» **Source material**:
* * *

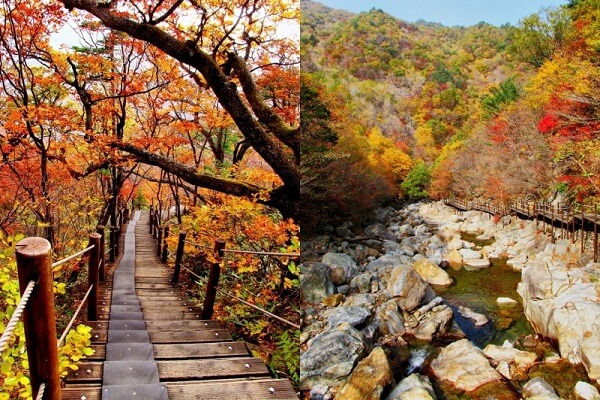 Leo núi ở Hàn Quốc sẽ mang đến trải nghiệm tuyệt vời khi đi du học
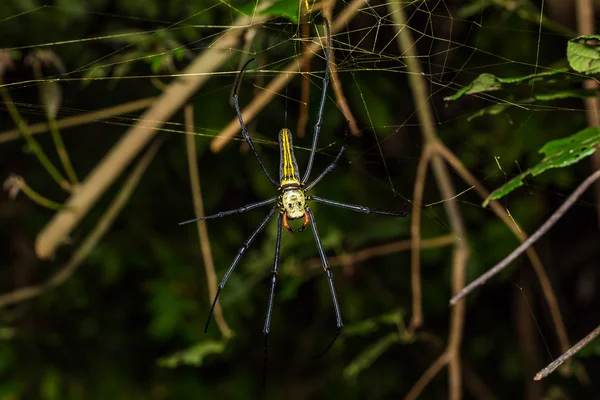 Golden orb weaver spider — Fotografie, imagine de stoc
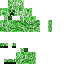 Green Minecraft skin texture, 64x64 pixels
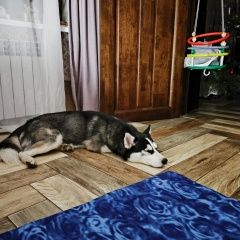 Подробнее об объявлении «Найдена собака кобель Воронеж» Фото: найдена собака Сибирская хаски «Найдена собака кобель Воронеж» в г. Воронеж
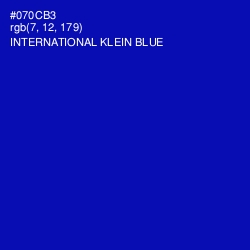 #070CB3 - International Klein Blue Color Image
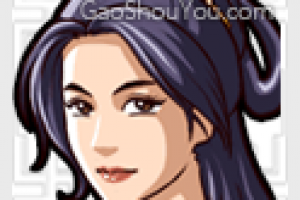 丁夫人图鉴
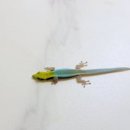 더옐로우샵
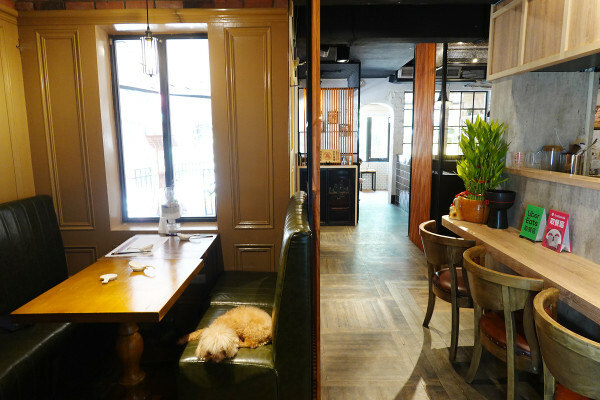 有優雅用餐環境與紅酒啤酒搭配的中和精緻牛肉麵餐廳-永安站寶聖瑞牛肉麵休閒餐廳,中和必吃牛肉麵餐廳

* * *

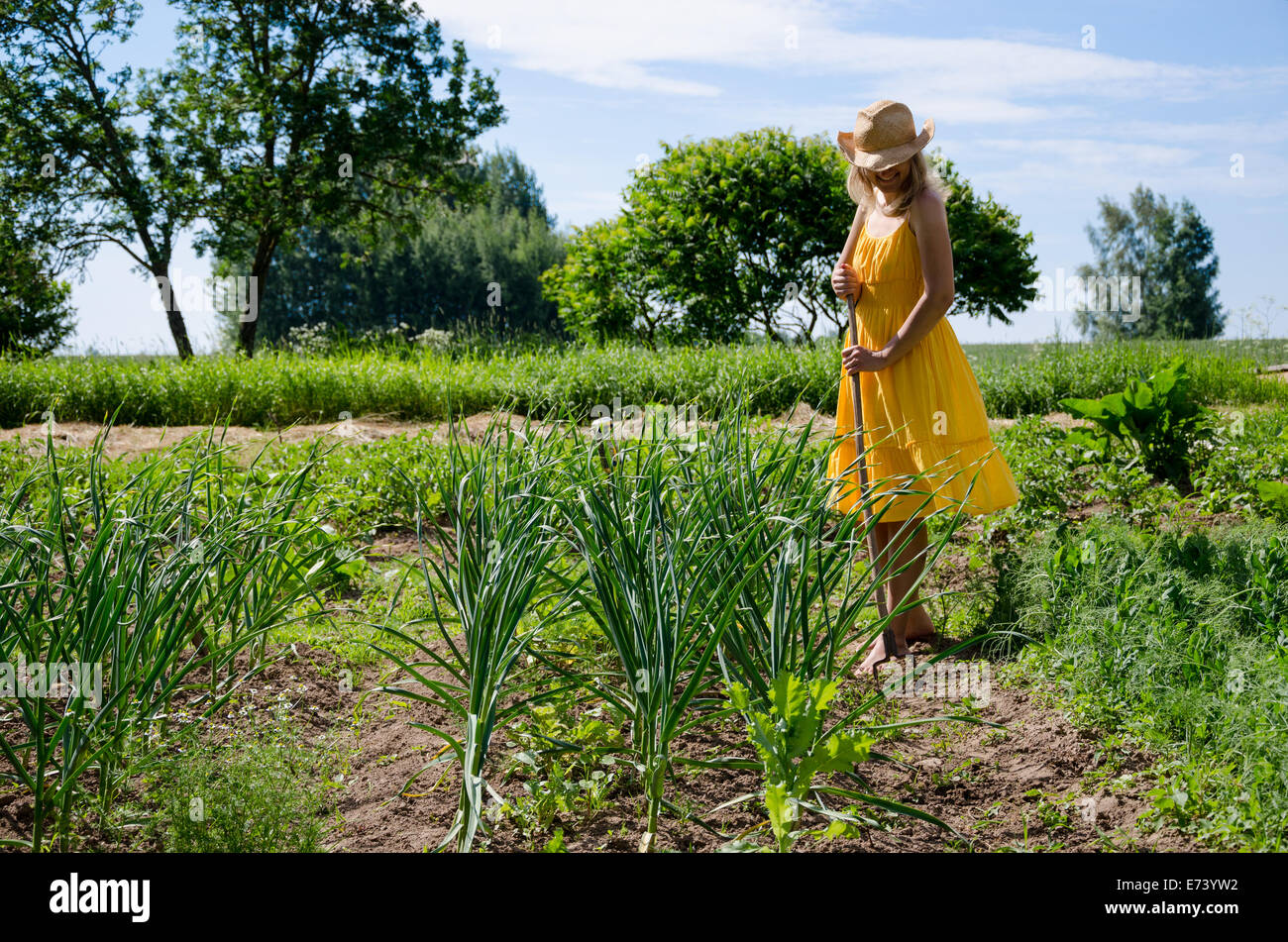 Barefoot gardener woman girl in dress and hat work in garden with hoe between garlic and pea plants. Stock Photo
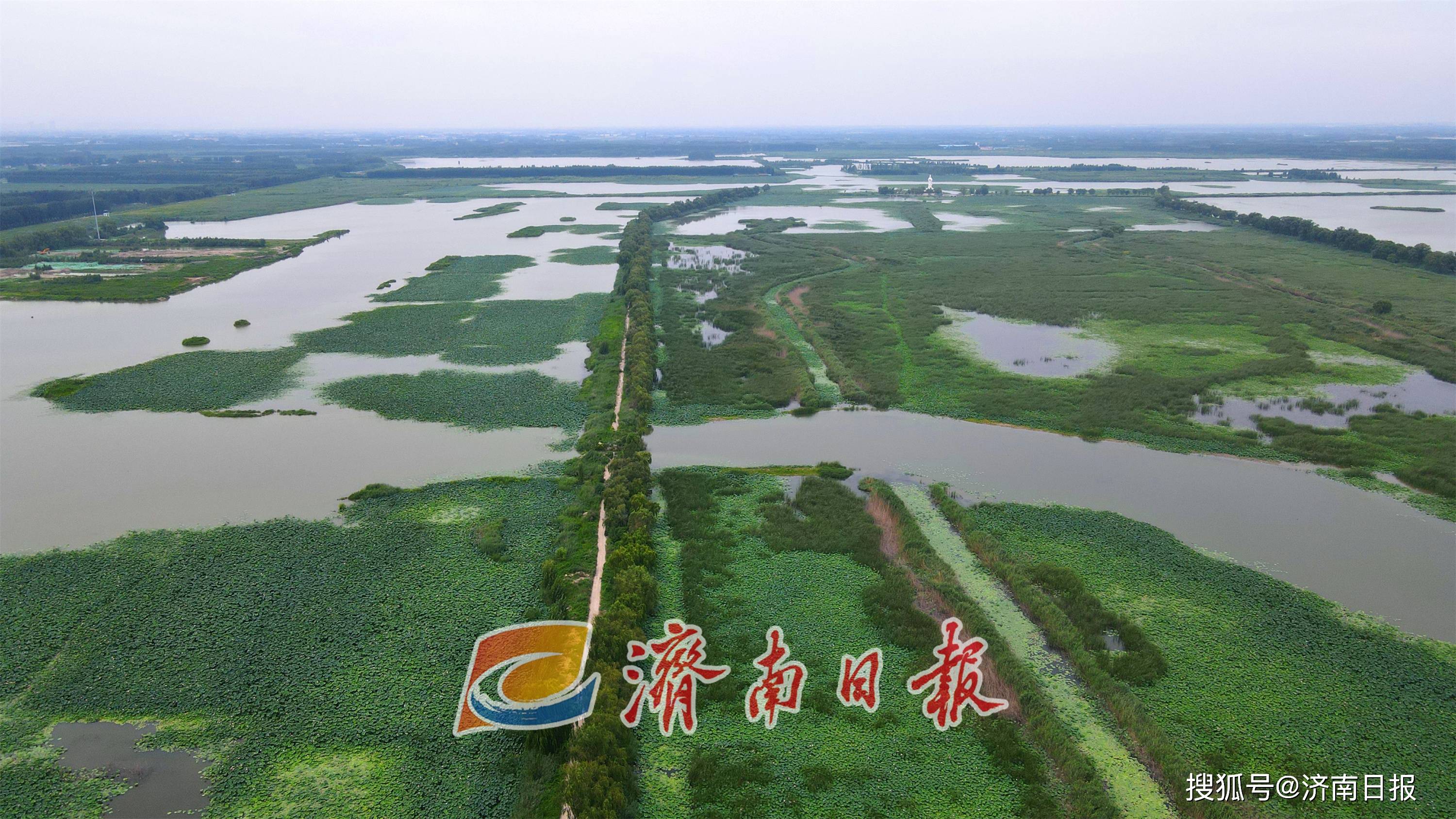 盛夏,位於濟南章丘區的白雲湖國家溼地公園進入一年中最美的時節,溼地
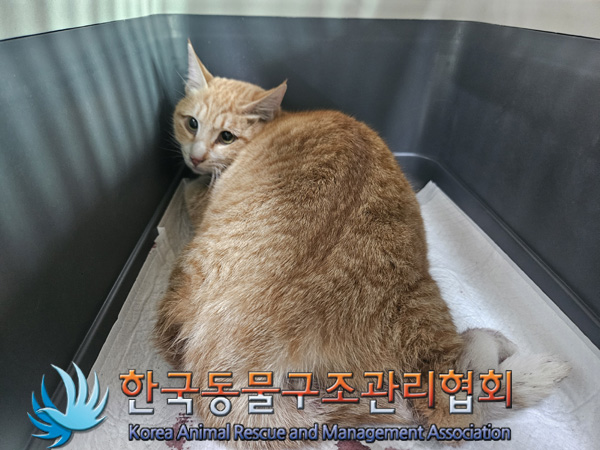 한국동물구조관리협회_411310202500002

* * *

» **What is being asked**: From the records above, transcribe exactly the lines starting at the one containing "Green Minecraft skin texture, 64x64 pixels" and ending at the one containing "有優雅用餐環境與紅酒啤酒搭配". Skip the pictures.

» **Output of the exercise**:
 Green Minecraft skin texture, 64x64 pixels
 Подробнее об объявлении «Найдена собака кобель Воронеж» Фото: найдена собака Сибирская хаски «Найдена собака кобель Воронеж» в г. Воронеж
 #070CB3 - International Klein Blue Color Image
 丁夫人图鉴
 더옐로우샵
 有優雅用餐環境與紅酒啤酒搭配的中和精緻牛肉麵餐廳-永安站寶聖瑞牛肉麵休閒餐廳,中和必吃牛肉麵餐廳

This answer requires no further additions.